I'm writing a C++ ThreadPool implantation and using pthread_cond_wait in my worker's main function. I was wondering how much time will pass from signaling the condition variable until the thread/threads waiting on it will wake up. do you have any idea of how can I estimate/calculate this time?

Thank you very much.

It depends, on the cost of a context switch

1. on the OS,
2. The CPU
3. is it thread or a different process
4. the load of the machine
5. Is the switch to same core as it last ran on
6. what is the working set size
7. time since it last ran

Linux best case, i7, 1100ns, thread in same process, same core as it ran in last, ran as the last thread, no load, working set 1 byte.

Bad case, flushed from cache, different core, different process, just expect 30µs of CPU overhead.

Where does the cost go:

1. Save last process context 70-400 cycles,
2. load new context 100-400 cycles
3. if different process, flush TLB, reload 3 to 5 page walks, which potentially could be from memory taking ~300 cycles each. Plus a few page walks if more than one page is touched, including instructions and data.
4. OS overhead, we all like the nice statistics, for example add 1 to context switch counter.
5. Scheduling overhead, which task to run next
6. potential cache misses on new core ~12 cycles per cache line on own L2 cache, and downhill from there the farther away the data is and the more there is of it.

As mentioned time for condition variable to react depends on many factors. One option is to actually measure it: you may start a thread that waits on a condition variable. Then, another thread that signals the condition variable takes timestamp right before signaling the variable. The thread that waits on the variable also takes timestamp the moment it wakes up.
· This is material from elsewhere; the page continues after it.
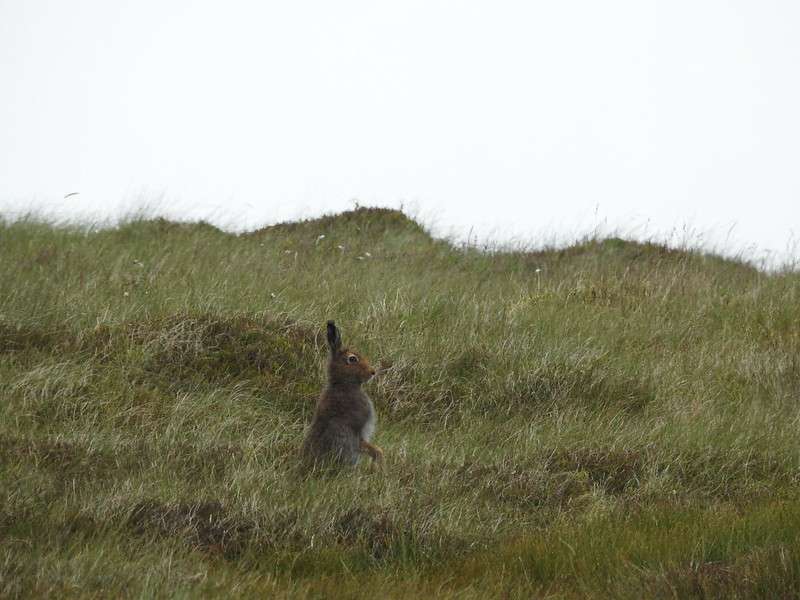 Hare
Simple as that. This way you may have rough approximation about time it takes for the thread to notice the signaled condition.

#include <mutex>
#include <condition_variable>
#include <thread>
#include <chrono>
#include <stdio.h>

typedef std::chrono::time_point<std::chrono::high_resolution_clock> timep;

int main()
{
    std::mutex mx;
    std::condition_variable cv;
    timep t0, t1;
    bool done = false;

    std::thread th([&]() {
        while (!done)
        {
            std::unique_lock lock(mx);
            cv.wait(lock);
            t1 = std::chrono::high_resolution_clock::now();
        }
    });

    for (int i = 0; i < 25; ++i) // measure 25 times
    {
        std::this_thread::sleep_for(std::chrono::milliseconds(10));
        t0 = std::chrono::high_resolution_clock::now();
        cv.notify_one();
        std::this_thread::sleep_for(std::chrono::milliseconds(10));
        std::unique_lock lock(mx);
        printf("test#%-2d: cv reaction time: %6.3f micro\n", i,
            1000000 * std::chrono::duration<double>(t1 - t0).count());
    }
    {
        std::unique_lock lock(mx);
        done = true;
    }
    cv.notify_one();
    th.join();
}

Try it on coliru, it produced this output:

test#0 : cv reaction time: 50.488 micro
test#1 : cv reaction time: 55.057 micro
test#2 : cv reaction time: 53.765 micro
test#3 : cv reaction time: 50.973 micro
test#4 : cv reaction time: 51.015 micro
test#5 : cv reaction time: 57.166 micro
and so on...

On my windows 11 laptop I got values roughly 5-10x faster (5-10 microseconds).